Les derniers cahiers

Extrait : J’écris une deuxième lettre, à Amandine ma Blondinette et je décide de la délivrer moi-même. Depuis ma visite surprise du début décembre, nous nous sommes rencontrés à quatre reprises. Peu à peu, notre relation évolue, peu à peu nous osons des gestes, des comportements. Même dans les lettres que nous échangeons, nos écrits sont différents. Ils s’imprègnent de nos sentiments qui se transforment, des sentiments qui nous conduirons tout droit vers ces instants irréversibles qui modifieront à tout jamais notre relation. Cet après-midi-là, les parents d’Amandine prétextent d’une visite chez des amis pour nous laisser en tête à tête. Nous savons que c’est l’heure, l’heure de passer définitivement le gué, pour enfin nous retrouver de l’autre côté, sur l’autre rive. Nous connaissions les gestes, nous les avons maintes et maintes fois répétés, nous arrêtant toujours au bord de la falaise. Cette fois, nous n’hésitons plus et sautons ensemble dans le vide.
Nous sommes maintenant sur la rive des grands, avec notre amour comme seul bagage, pour tenter de traverser le plus grand océan qui soit : la vie.
J’aurais voulu arrêter le temps qui passe, ce temps qui diminue les bons moments et allonge ceux qui le sont moins pour rendre interminables les atrocités auxquelles le monde est confronté. Maintenant il est l’heure, celle de repartir vers cette existence que j’ai tenté d’imaginer, mais qui ira de toute façon bien au-delà de l’imaginable. Lorsque je lui remets la lettre, je comprends qu’elle a compris.

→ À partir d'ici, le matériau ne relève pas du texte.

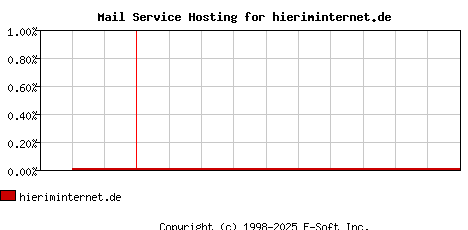 hieriminternet.de MX Hosting Market Share Graph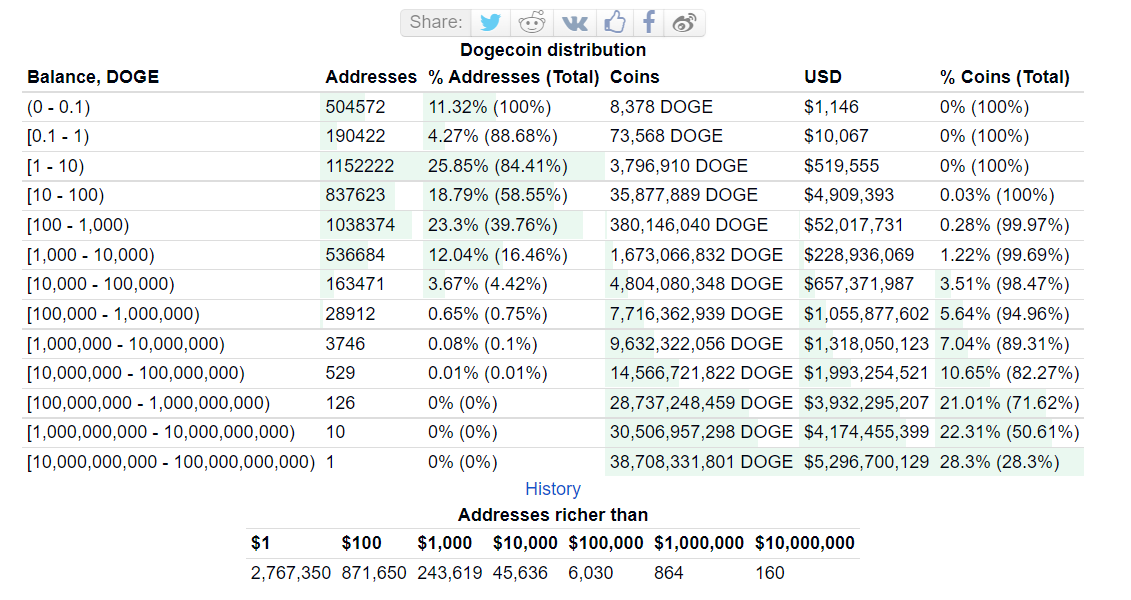 Les 100 adresses les plus riches en dogecoins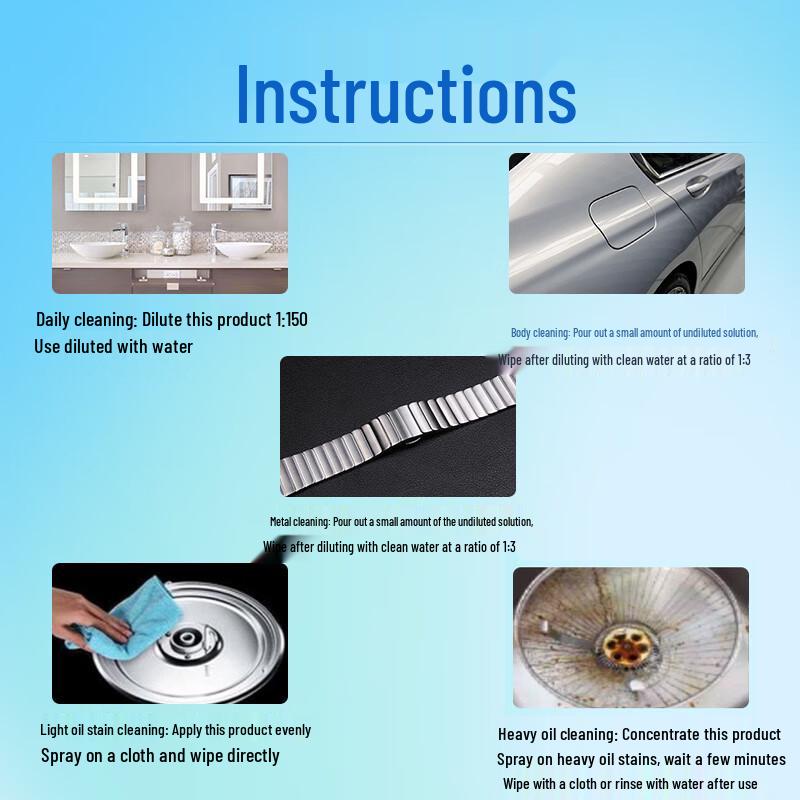 Универсальное чистящее средство Blue Moon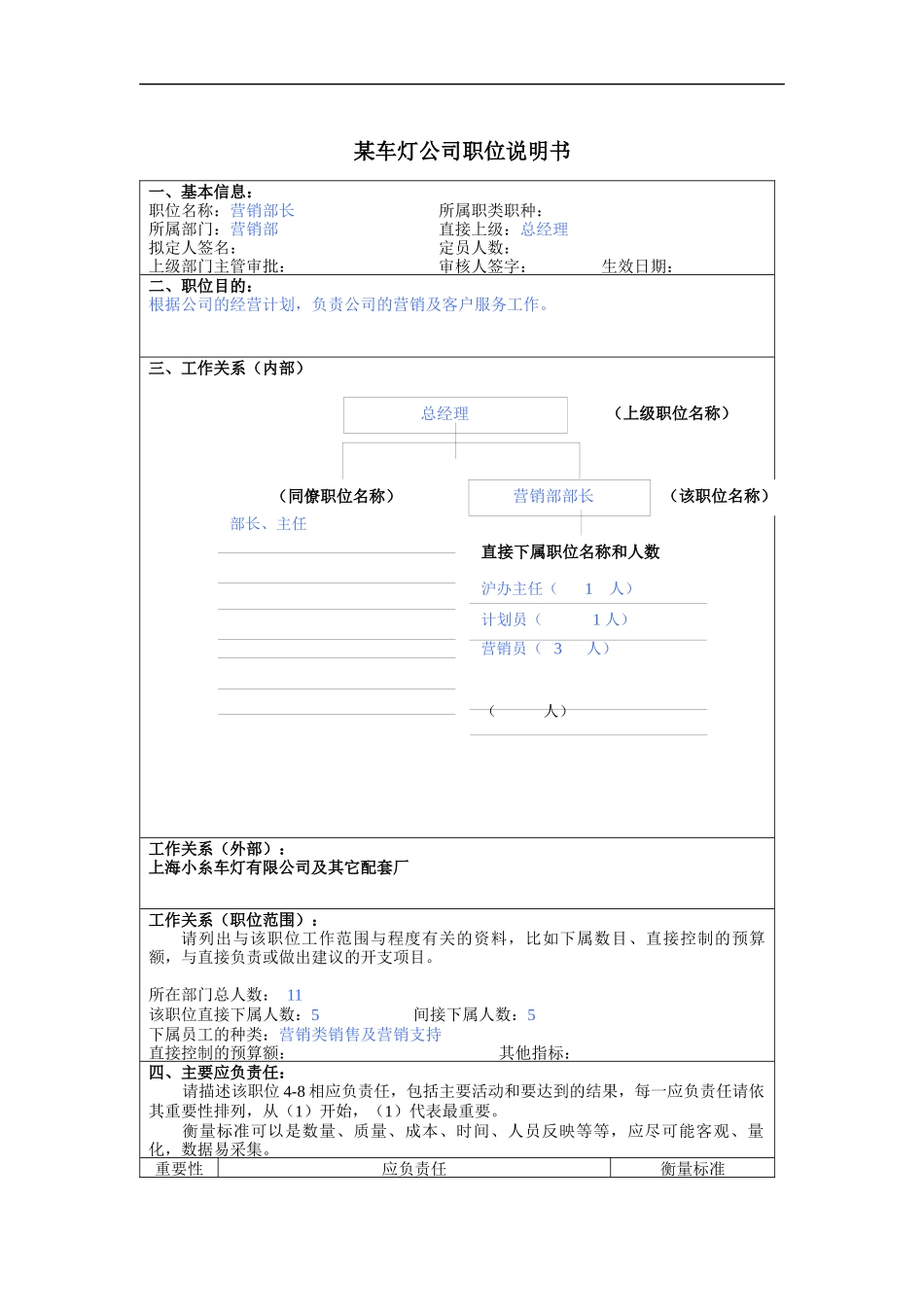 营销部长岗位说明书_第1页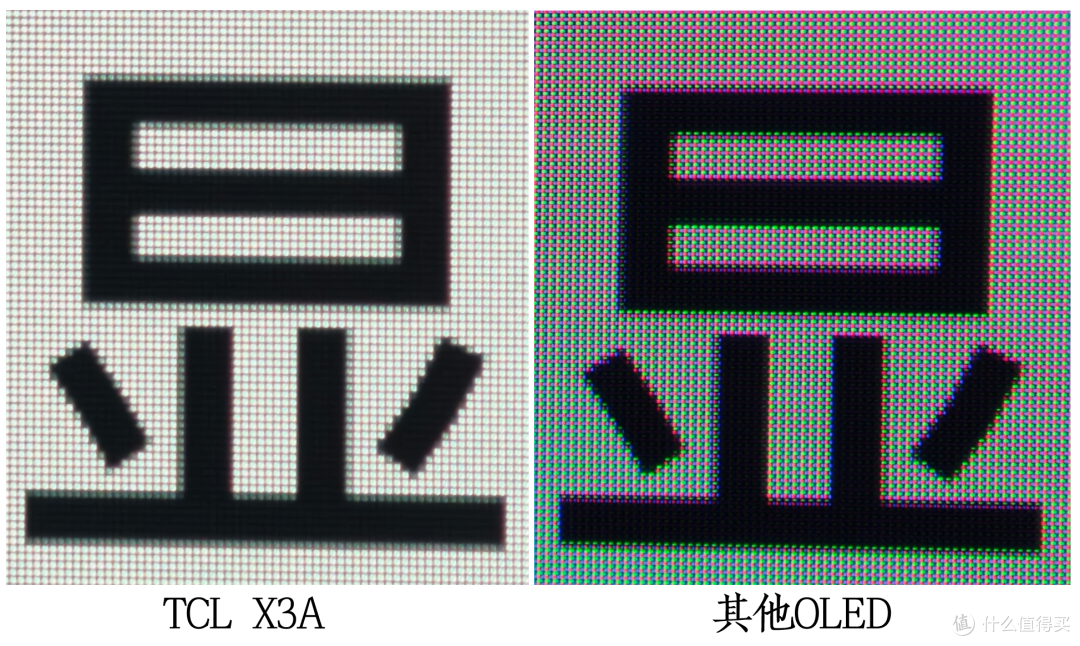 目前最好看的OLED显示器?!TCL 32X3A产品深度体验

Je lui parle de mes intentions et des conséquences.
– Tu n’auras pas de mes nouvelles et tu ne pourras pas m’en donner. Mais tu seras toujours près de moi ; ma force, mon courage, ce sera toi. Lorsque je reviendrai, tout sera terminé et nous pourrons vivre ensemble, pour toujours.
Quelques larmes perlent tout au fond de ses grands yeux bleus, mais à aucun moment elle n’essaye de me dissuader. Les adieux qui n’en finissent pas ne servent à rien, sinon à souffrir plus encore. Et pleurer devant une femme, cela ne se fait pas, alors je ne m’attarde pas, ouvrant et refermant rapidement la porte sans même me retourner. Lorsque j’arrive dans la rue, l’émotion est trop forte. Je voudrais revenir sur mes pas, la prendre dans mes bras, pour quelques instants encore, juste quelques instants. Pour lui demander pardon, pardon pour cette souffrance que je nous inflige, mais ce n’est plus possible, la porte est déjà refermée. Je n’ai plus qu’une seule issue : tout faire pour qu’un jour je puisse de nouveau l’ouvrir.